I conclude that an extradition order is not disproportionate in this case given the appellant’s fugitivity and his limited ties to the United Kingdom, built as they have been in full knowledge of his fugitivity. I cannot accept that his fugitivity is “merely technical” as he asserts. I am satisfied, and the Judge found, that he deliberately evaded the criminal proceedings he was aware of.
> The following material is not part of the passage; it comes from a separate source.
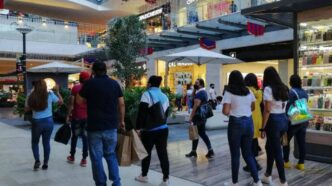 venue/architecture
Asistentes recorren el centro comercial La Perla en Guadalajara durante Inmobiliare Summits. El evento impulsa el sector real estate en México.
At no point has he informed the Romanian authorities of his presence in the United Kingdom in flagrant and deliberate breach of his notification duties under article 108. The public interest in this case includes returning a fugitive from Romanian justice and thereby honouring the United Kingdom’s international treaty obligations; preventing this country becoming or being perceived to be a “safe haven” for fugitives from justice (HH); and preventing “crime or disorder” (ECHR article 8(2)), cited in Andrysiewicz at para 15. These are all, in article 8 terms, “necessary in a democratic society”.
The impact on his article 8 rights and more broadly those of his family is not “exceptionally severe”. While there is no exceptionality test (HH, paras 8-15; recently recognised in this court by ), the impact is not of a nature or degree to outweigh the subsisting and strong public interest, despite the nature of his offending, which I have particular regard to, conscious that it would not result in a sentence of imprisonment in the United Kingdom. But I must respect the judgment of the properly constituted Romanian court. As said by the Supreme Court in Norris, in an authority also considered by the Judge, in order to outweigh the public interest in extradition of a fugitive, the interference with human rights must be “extremely serious” (para 55). The court said at para 82 that
“only the gravest effects of interference with family life will be capable of rendering extradition disproportionate to the public interest that it serves”
That is not the case here. Therefore, a return order is not disproportionate nor incompatible with the appellant’s article 8 rights or those of his family.
VI - Disposal
I return to the fresh evidence application. If the Fenyvesi fresh evidence test at para 32 of the Divisional Court’s judgment is applied strictly, as it must be, the evidence sought to be adduced by the appellant is not “decisive”. Its admission would not result in the appellant’s discharge. Therefore, the application to adduce the evidence sought by the appellant is refused. As a consequence, the evidence sought to be adduced by the respondent in reply falls away and is refused. There is nothing remaining for it to reply to. It will be clear from the substance of my judgment that, as agreed by the parties, I have fully considered the evidence on a de bene esse basis.
Turning back to the merits of the appeal, the two grounds relied upon by the appellant fail. The appeal is dismissed.